Well thank you. Thank you very much.

0:17:32 William Moyers
Before we go though, we've gotta go in just a minute but what's your message of hope for somebody who's listening and doesn't have any hope?

0:17:45 Steve C.
I don't know when it came to me but alcoholism is so much like The Wizard of Oz. You see I was Dorothy and I was caught up in this hurricane and I was taken away from my home to Kansas and I landed in an unknown place. And somebody keeps saying, ‘Follow the Yellow Brick Road.' And the Yellow Brick Road is the way back home, the way back to normalcy, the way back to peace. And I, through sobriety, have found the Yellow Brick Road took me back. And so I'm trying to take on the action of showing others the way back down the Yellow Brick Road.

0:18:44 William Moyers
Steve Chandoin, we are so grateful that you have followed that road and brought us back home to the reality that treatment works, recovery is possible, it happens, and that giving back is the greatest that we have.
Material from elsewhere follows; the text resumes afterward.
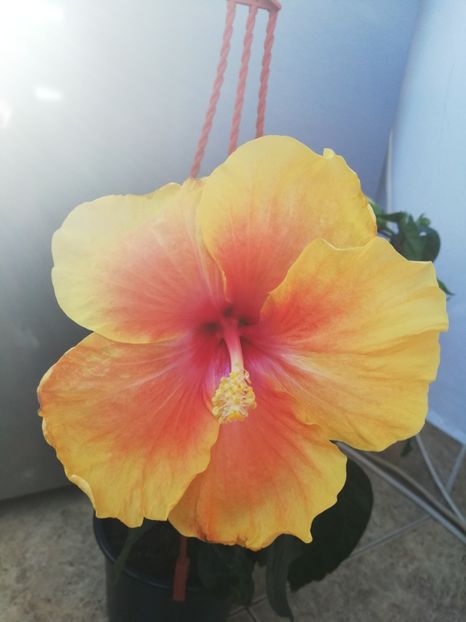  - Hibiscus No Id 1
Steve Chandoin, joining us today from Atlanta, Georgia—thank you, Steve!

0:19:05 Steve C.
Thank you so much for having me.

0:19:07 William Moyers
And thanks to all of you for being with us on this podcast, Let's Talk. We hope that you will find hope and help and healing in this conversation today and in all the conversations we have on this Let's Talk podcast. And we hope to see you again soon. Take good care.